Output every line of the material exactly, omitting images.

=== DATA PROVIDED ===
== Segment start ==
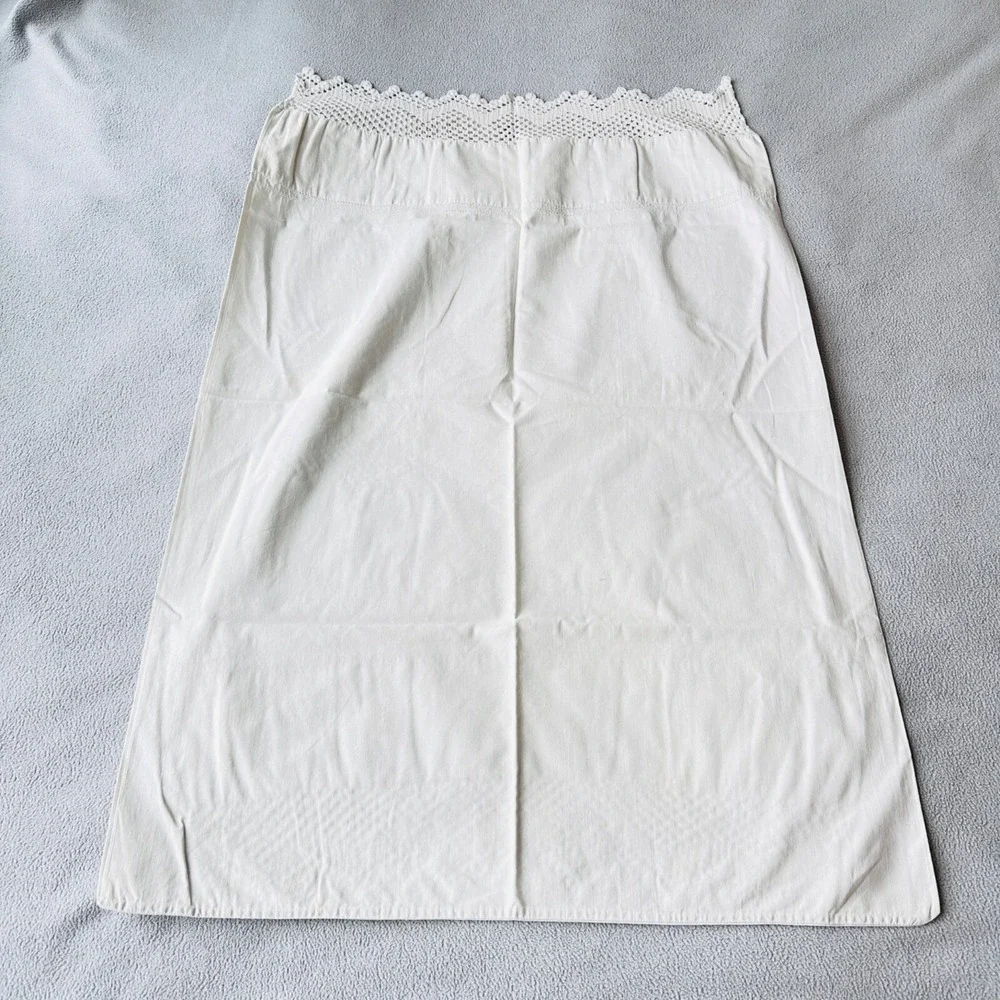 Vintage‎ Pillowcase Crochet Trim Handmade Lace Cotton Single Cottagecore Home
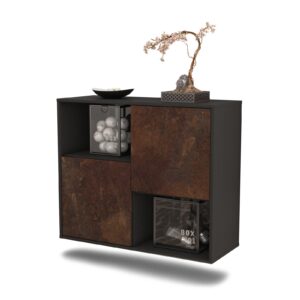 Sideboard Modesto | hängend | Korpus Anthrazit | Front in Rost Optik | 92x79x35cm (BxHxT)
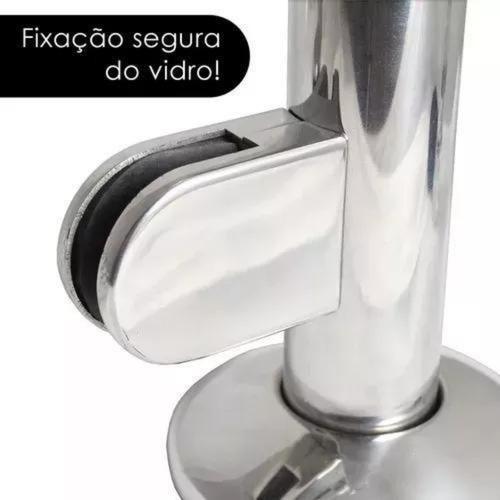 Kit 10 Suporte Presilhas Vidro Curva Redonda Aço Inox 304 - AGS Imagem de Kit 10 Suporte Presilhas Vidro Curva Redonda Aço Inox 304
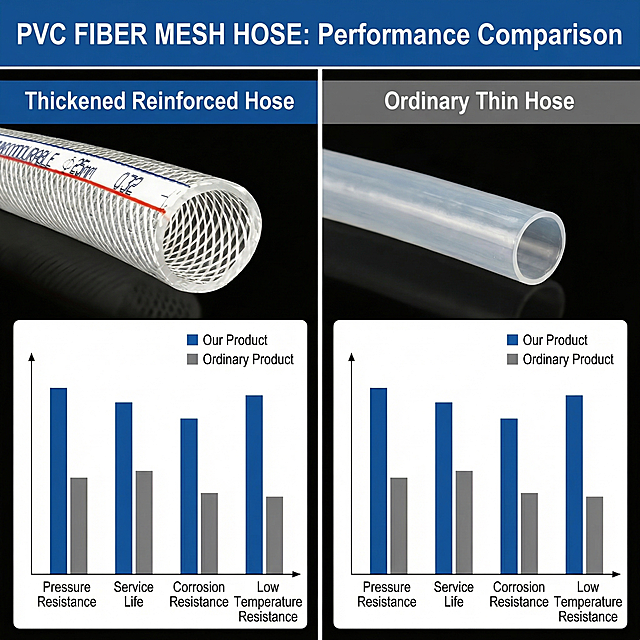 [Main Image 7] Comparison with ordinary hose, side-by-side comparison of this thickened reinforced hose vs ordinary thin hose. On the bar chart, compare performance in 4 dimensions: Pressure Resistance, Service Life, Corrosion Resistance, Low Temperature Resistance. Our product outperforms ordinary product in all indicators. All text in English, clear contrast, objective data display, 1:1 2048x2048 2K.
== Segment end ==
=== SOLUTION TO THIS TASK ===
 Vintage‎ Pillowcase Crochet Trim Handmade Lace Cotton Single Cottagecore Home
 Sideboard Modesto | hängend | Korpus Anthrazit | Front in Rost Optik | 92x79x35cm (BxHxT)
 Kit 10 Suporte Presilhas Vidro Curva Redonda Aço Inox 304 - AGS Imagem de Kit 10 Suporte Presilhas Vidro Curva Redonda Aço Inox 304
 [Main Image 7] Comparison with ordinary hose, side-by-side comparison of this thickened reinforced hose vs ordinary thin hose. On the bar chart, compare performance in 4 dimensions: Pressure Resistance, Service Life, Corrosion Resistance, Low Temperature Resistance. Our product outperforms ordinary product in all indicators. All text in English, clear contrast, objective data display, 1:1 2048x2048 2K.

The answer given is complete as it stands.